Terus berkarya, menembus pasar hingga go international tanpa tergantung fasilitas. Ujung tombak yang mandiri dan tidak manja, kata-kata ini paling tepat untuk mewakili. Pelaku ekonomi kreatif adalah play maker, workers sekaligus stricker yang haus gol berkaliber internasional yang berjuang tanpa kenal menyerah sampai terciptanya gol menentukan.

Kehadiran pelaku ekonomi kreatif, tak perlu dengan mengalih fungsi berhektare tanah pertanian produktif menjadi pabrik bertenaga kerja ribuan dengan keterampilan yang serba standar.Tak menguras apalagi menggadaikan kekayaan alam. Karyanya sudah lama sampai mancanegara, tanpa perlu pakai upacara pecah kendi, dengan seremoni yang dihadiri petinggi. Tak rentan migrasi industri, karena mereka anak-anak Ibu Pertiwi. Mereka entrepreneur, juga investor sejati.

Beberapa waktu lalu ada surat pembaca di sebuah koran berjudul ‘’Industri Kreatif, Quo Vadis?’’. Penulisnya, Teguh Ostenrik tinggal di Jakarta, seorang pematung yang usai pameran dari luar negeri.
Pulang ke Indonesia, barang/karyanya tertahan di pelabuhan karena untuk mengeluarkan harus berbelit dan perlu biaya ekstra (besar). Sang ujung tombak pun menjadi ujung tombok.
Pelaku ekonomi kreatif tak boleh didiskriminasi apalagi jadi sasaran pungli hanya karena mereka umumnya tak punya koneksi. Apa pun alasannya.
Tak perlu dicemburui, justru mesti disyukuri dan dimotivasi. Diundang untuk memamerkan karya di luar negeri saja, harusnya sudah diakui dan dihargai sebagai bentuk mengharumkan nama bangsa dan negara. Bahwa kemudian beruntung, itu hak yang sudah pantas dan selayaknya dari proses perjuangan panjang. Menghasilkan devisa lagi.

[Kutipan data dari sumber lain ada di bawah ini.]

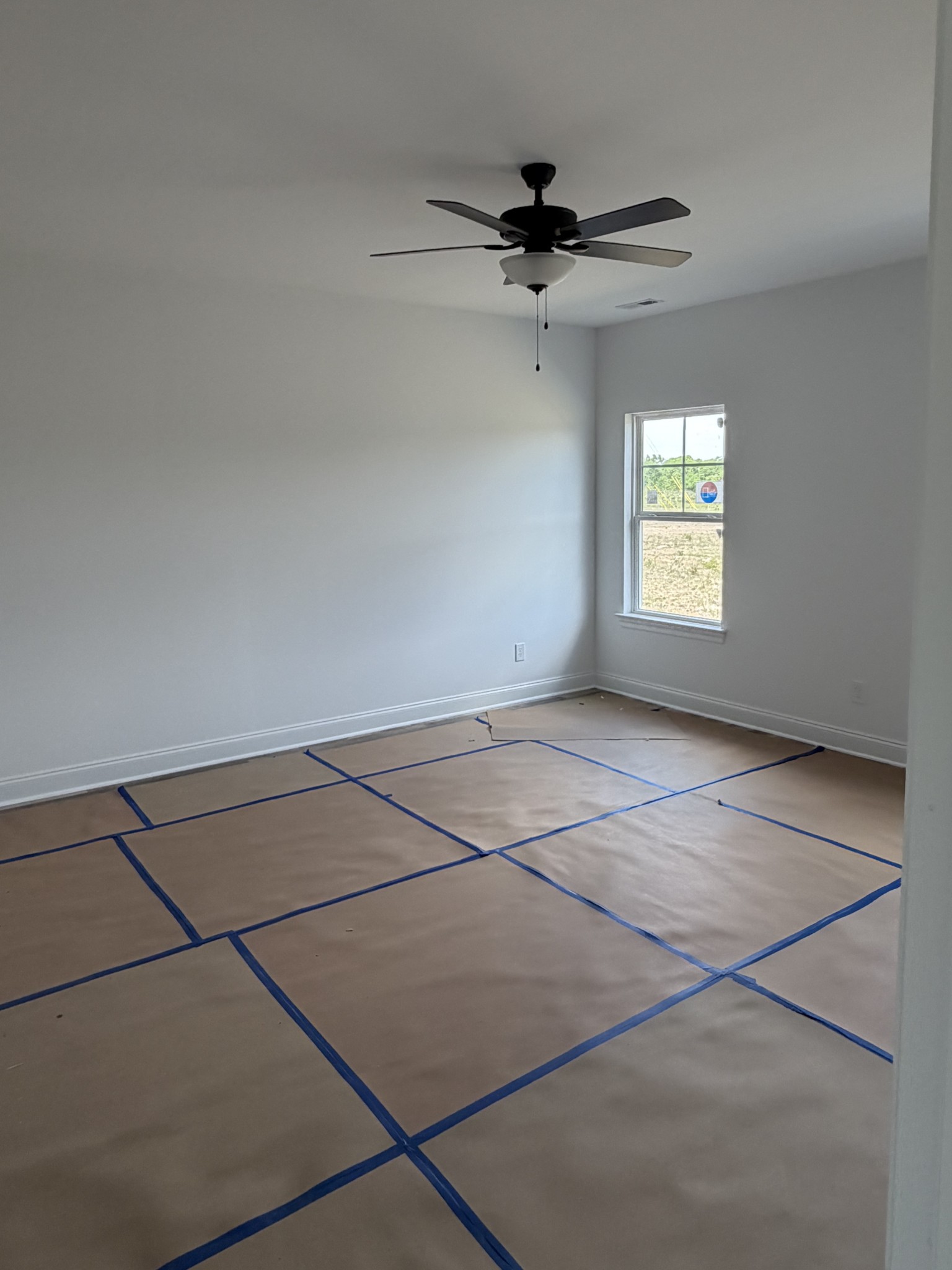 1209 Euclid Murfreesboro, TN 37127 - Photo 11 of 14 a view of an empty room with a window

Sebagai warga negara, ada kebanggaan luar biasa mendengar gaun pengantin penyanyi kondang Siti Nurhalisa asal negara Malaysia, ternyata rancangan Anne Avantie dari Semarang. Jiwa entrepreneur yang diidentikkan tahan banting, tahan uji, menjadi menarik dibahas sebagai wacana di ruang kuliah/diskusi.
Tapi, akan lebih baik bila mau terjun langsung. Pasti bisa lebih memahami.
Ah... mereka kan punya modal... Modal (uang), biasanya selalu dijadikan dalih pembenar. Tapi, fakta berbicara lain. Buktinya, bukannya memperkuat barisan entrepreneur, banyak tokoh mapan yang lebih nyaman mendirikan parpol.
Tak tanggung, uang bertebaran di jalan raya, sudut kota hingga pelosok desa dalam bentuk spanduk, baliho, dan iklan gencar di media elektronik dan cetak.

Daripada merasa berjasa dan dengan (menyalahgunakan) kewenangannya merasa berhak memungut biaya ekstra, bukankah lebih positif bila ramai-ramai terjun langsung.
Keberhasilan menjadi hak siapa saja yang melakukan proses secara semestinya. Indonesia sejahtera bila dalam waktu singkat pelaku ekonomi kreatif/entrepreneur, (bukan jumlah parpolnya), yang meningkat 200%.

Pelaku ekonomi kreatif walau tanpa atribut, sejatinya adalah penjaga Negara Kesatuan RI. Saya pikir ini sangat tak berlebihan. Batik, angklung, jamu, identik dengan Indonesia.

Kreasinya adalah antibodi.Yang akan membuat negeri ini imun dari epidemi yang disebut Presiden Soekarno sebagai neokolonialisme dan imperialisme (nekolim). Dan kebal dari pandemi akibat virus jahat yang bernama resesi global. Tak banyak menuntut, berkarya nyata, memberi manfaat bagi bangsa. Mereka sangat perlu suasana kondusif untuk terus berkreasi.